It is very curious to notice how the first sanctuaries seem to have been woods, forests, and groves. And it is equally remarkable to notice how, after they were used for true and spiritual worship, they came to be employed exclusively for idolatry--so much so, that in the rest of this blessed Book you will hear God often commanding them utterly to pull down the groves, because those groves had been made places where idols were worshipped. The brass serpent was made by God’s command, its healing virtue was given by God Himself, and the people were divinely told to look at it. But after it had served its purpose, the same people tried to make a god of it. In this instance men took that which was true and good originally, and made such a bad use of it that God commanded it to be ground to powder as “a thing of vanity and as nothing.” These grove sanctuaries came to be desecrated, and therefore He commanded them all to be pulled down. One can see in these groves the first idea of a cathedral. Let any one stand in a lofty avenue of oaks, with their branches intertwining and interlacing, and he will see the nave of a Gothic cathedral. The tracery on the roof, the groined arches, the columns, and the pillars with their picturesque capitals, all is but man trying to embody in the stone what nature has so magnificently developed in her forests, and to perpetuate a grove of stone as a memorial still of the first sanctuaries in which men worshipped.
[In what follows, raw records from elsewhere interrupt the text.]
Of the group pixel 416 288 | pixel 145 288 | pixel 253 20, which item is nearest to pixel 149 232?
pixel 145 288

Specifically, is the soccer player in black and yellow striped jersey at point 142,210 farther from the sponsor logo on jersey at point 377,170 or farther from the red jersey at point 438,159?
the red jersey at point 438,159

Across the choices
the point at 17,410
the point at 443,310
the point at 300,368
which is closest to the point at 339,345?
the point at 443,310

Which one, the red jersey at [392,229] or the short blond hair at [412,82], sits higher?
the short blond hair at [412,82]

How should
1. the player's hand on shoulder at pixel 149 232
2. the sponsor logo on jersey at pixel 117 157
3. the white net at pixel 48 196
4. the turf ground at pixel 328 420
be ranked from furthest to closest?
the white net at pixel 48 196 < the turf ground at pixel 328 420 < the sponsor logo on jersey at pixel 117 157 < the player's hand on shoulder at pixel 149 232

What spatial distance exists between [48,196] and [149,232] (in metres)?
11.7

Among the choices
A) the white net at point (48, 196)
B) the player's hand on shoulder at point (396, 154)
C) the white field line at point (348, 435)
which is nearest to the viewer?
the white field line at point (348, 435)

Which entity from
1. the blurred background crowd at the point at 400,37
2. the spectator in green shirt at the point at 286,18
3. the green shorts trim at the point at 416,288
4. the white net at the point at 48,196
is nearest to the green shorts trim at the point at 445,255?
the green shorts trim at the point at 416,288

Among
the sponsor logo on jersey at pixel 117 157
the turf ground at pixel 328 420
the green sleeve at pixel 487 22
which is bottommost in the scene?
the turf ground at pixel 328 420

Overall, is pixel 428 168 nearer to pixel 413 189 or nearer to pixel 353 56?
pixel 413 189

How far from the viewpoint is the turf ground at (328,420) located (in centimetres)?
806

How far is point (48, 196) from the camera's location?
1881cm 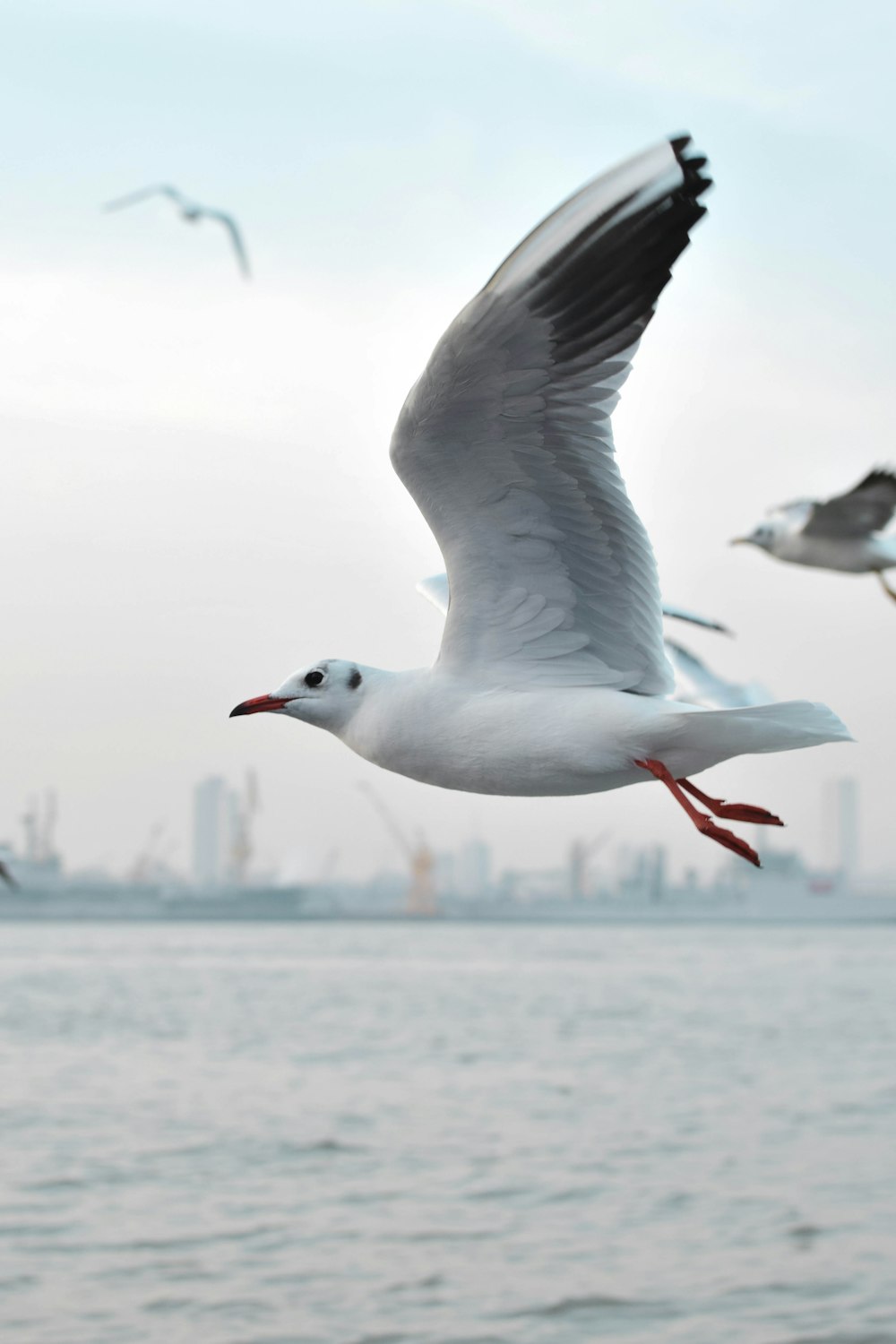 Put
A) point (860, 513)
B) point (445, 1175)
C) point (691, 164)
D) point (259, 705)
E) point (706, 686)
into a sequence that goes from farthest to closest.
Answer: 1. point (445, 1175)
2. point (860, 513)
3. point (706, 686)
4. point (259, 705)
5. point (691, 164)

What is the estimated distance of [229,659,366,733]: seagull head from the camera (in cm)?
463

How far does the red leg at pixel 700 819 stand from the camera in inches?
160

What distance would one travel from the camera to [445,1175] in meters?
25.4

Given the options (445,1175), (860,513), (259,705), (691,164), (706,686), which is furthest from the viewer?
(445,1175)

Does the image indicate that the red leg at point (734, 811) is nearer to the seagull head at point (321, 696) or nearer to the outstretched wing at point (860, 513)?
the seagull head at point (321, 696)

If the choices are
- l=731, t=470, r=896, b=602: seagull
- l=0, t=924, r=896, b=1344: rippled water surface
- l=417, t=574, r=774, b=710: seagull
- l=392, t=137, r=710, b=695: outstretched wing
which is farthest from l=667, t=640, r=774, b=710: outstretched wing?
l=0, t=924, r=896, b=1344: rippled water surface

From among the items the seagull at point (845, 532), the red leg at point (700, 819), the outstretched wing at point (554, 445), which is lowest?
the red leg at point (700, 819)

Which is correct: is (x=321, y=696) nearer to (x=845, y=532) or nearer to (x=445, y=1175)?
(x=845, y=532)

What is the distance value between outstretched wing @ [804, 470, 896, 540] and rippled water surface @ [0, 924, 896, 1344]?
31.8 feet

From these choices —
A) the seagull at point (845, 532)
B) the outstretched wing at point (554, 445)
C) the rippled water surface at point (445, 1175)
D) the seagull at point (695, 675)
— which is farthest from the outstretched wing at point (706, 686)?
the rippled water surface at point (445, 1175)

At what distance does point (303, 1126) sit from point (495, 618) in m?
26.5

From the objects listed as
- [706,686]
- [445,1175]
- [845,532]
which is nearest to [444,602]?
[706,686]

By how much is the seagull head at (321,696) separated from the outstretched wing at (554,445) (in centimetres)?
26

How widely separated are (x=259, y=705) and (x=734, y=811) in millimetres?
1304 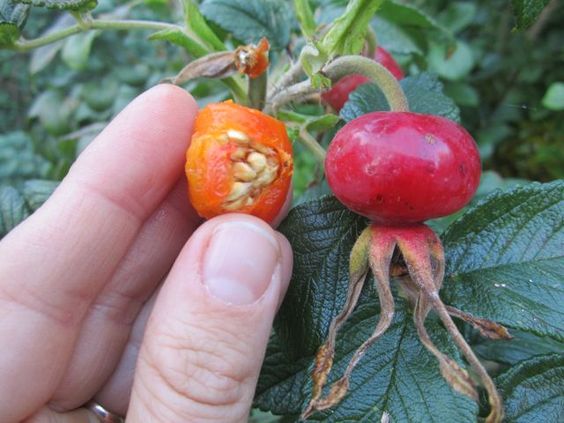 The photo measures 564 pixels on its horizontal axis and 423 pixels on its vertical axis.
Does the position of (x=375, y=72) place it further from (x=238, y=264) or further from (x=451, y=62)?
(x=451, y=62)

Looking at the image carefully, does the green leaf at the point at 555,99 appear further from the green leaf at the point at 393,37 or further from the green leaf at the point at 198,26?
the green leaf at the point at 198,26

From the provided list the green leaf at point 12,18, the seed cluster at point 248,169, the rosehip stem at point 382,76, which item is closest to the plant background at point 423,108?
the seed cluster at point 248,169

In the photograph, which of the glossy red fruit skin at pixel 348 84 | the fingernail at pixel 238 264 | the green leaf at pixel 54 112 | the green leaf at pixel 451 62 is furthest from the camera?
the green leaf at pixel 54 112

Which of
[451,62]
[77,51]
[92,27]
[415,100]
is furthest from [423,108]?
[77,51]

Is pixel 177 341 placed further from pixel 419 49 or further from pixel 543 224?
pixel 419 49

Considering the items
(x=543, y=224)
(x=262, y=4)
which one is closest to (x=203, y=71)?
(x=262, y=4)

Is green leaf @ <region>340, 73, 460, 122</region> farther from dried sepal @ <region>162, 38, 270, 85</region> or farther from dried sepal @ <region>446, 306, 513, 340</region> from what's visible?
dried sepal @ <region>446, 306, 513, 340</region> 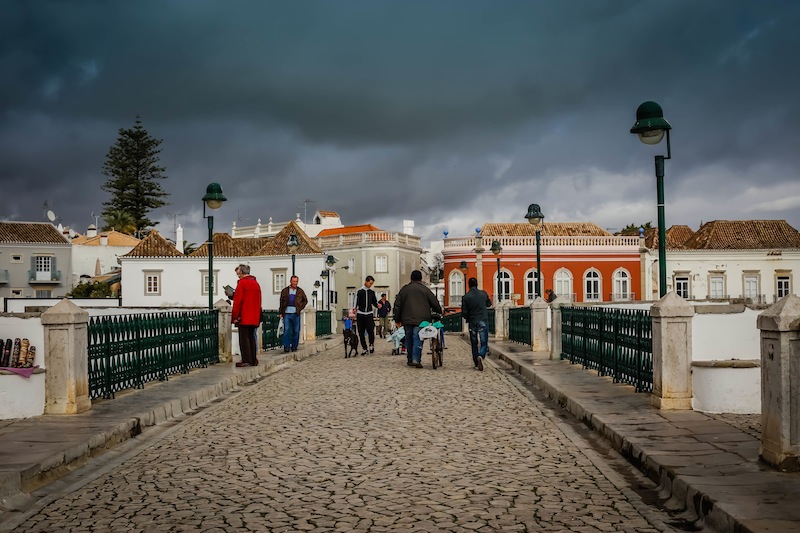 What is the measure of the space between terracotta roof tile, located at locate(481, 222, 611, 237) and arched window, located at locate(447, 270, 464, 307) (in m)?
3.62

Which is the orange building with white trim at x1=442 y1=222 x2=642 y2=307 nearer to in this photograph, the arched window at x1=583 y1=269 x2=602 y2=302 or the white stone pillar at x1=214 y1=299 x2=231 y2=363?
the arched window at x1=583 y1=269 x2=602 y2=302

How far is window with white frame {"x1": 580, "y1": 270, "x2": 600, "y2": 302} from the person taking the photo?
202 ft

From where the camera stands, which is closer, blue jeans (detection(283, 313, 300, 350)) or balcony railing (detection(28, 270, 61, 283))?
blue jeans (detection(283, 313, 300, 350))

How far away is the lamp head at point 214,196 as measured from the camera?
57.8 ft

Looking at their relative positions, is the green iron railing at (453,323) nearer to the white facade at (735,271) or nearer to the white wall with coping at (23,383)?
the white facade at (735,271)

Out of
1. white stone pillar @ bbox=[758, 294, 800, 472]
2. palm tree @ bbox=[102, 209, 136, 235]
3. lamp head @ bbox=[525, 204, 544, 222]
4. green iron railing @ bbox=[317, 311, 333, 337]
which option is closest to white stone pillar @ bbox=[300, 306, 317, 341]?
green iron railing @ bbox=[317, 311, 333, 337]

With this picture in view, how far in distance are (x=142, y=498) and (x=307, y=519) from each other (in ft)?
4.68

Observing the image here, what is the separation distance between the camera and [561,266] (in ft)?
202

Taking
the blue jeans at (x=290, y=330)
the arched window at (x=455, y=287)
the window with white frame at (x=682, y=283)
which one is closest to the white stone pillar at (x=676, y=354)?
the blue jeans at (x=290, y=330)

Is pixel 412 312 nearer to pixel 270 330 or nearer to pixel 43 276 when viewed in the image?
pixel 270 330

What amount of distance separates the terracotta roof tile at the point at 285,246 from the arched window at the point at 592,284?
828 inches

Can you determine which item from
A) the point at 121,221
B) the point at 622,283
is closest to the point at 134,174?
the point at 121,221

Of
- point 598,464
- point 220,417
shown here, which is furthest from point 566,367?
point 598,464

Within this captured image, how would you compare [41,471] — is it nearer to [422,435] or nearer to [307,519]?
[307,519]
“Against the clouds, far up the skies,

The walls of the cathedral rise,

Like a mysterious grove of stone.”

Hence, also, the Druids, and the Druid temples, all were instances of the early purpose to which groves and forests were applied, that is, for worship; and when one thinks of the silence and the solemnity of primeval forests, one can see how naturally man would have recourse to them to worship; but when we see how sadly they were abused, one feels how easily the best things may be perverted, and God’s own divine institutions turned into objects of sin and folly. But, blessed be God, neither in this mountain nor in that, neither in grove nor cathedral only, is worship acceptable to God. He is worshipped truly, and the worship is accepted, wherever He is approached in spirit and in truth. (J. Cumming, D. D.)